Let me pose a simple question for you: Why, even at levels several levels down from the top, is it so common to bring in an unconnected outside hire in lieu of promoting from within? Even if we totally accept your Game of Thrones world view of toadies vying for a crown, what’s the logic of upsetting the apple cart? The person you’re bringing in doesn’t have his own personal fiefdom or existing political connections, you’ve butthurt a bunch of people who were only supporting you because of they were contending for the role, and you’re taking the gamble on someone who you’ve only seen the resume + had a few hours of interviews with vs people on your team that you’ve been observing for years.
I’m not talking about high level execs, I’m talking about like, GMs and Senior Directors of which a F500 might have 1000 of.
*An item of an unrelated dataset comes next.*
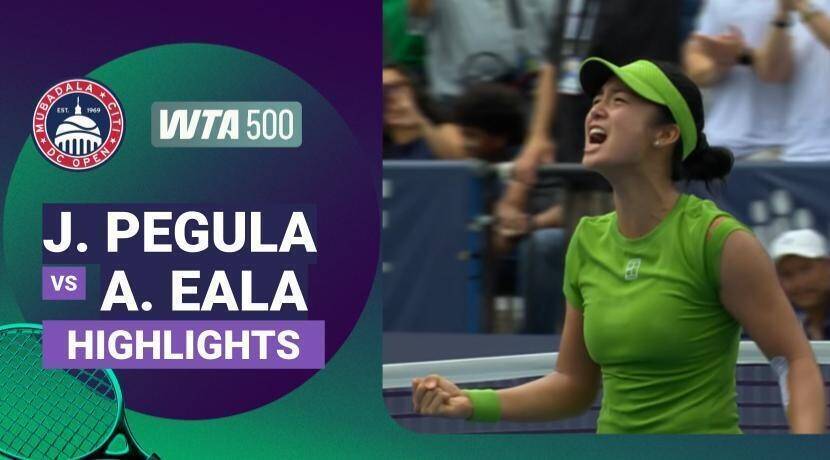 Jessica Pegula vs Alexandra Eala - Women's Singles Final | WTA 500: Mubadala DC Open 2026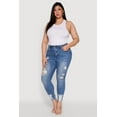 thumbnail image 2 of Women's Plus Size WAX High Waist Ripped Skinny Jeans, 2 of 5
And I’m not talking about someone who is a close family friend or nepo baby or anything like that, I’m talking literally about people who their resume lands on your desk and you go from knowing nothing about them to bringing them into the role 3 months later.
Every management guide will tell you outside hires are a terrible risk for all the reasons I’ve laid out above. The only reason you ever resort to an outside hire is because you simply don’t believe that any internal candidate has what it takes to be promoted in that moment and the outside hire is the less worse option than the risk of promoting someone unqualified.
And the plain truth is, even at that level so far down the company, it’s hard to find people who have developed enough to take the role. Those roles are hard and require a lot of straightforward skill and it can be extremely obvious to a manager that even at that level, you’re fighting hard for the talent. And it’s a opinion derived from hard won experience because you can actually do statistics at that level. Some managers perform well and others flame out and you can predict which ones flame out and see what skills they were lacking and if you believe the chances of your internal hires flaming out is more likely because they simply don’t have the skills, you reluctantly engage in an outside hiring process.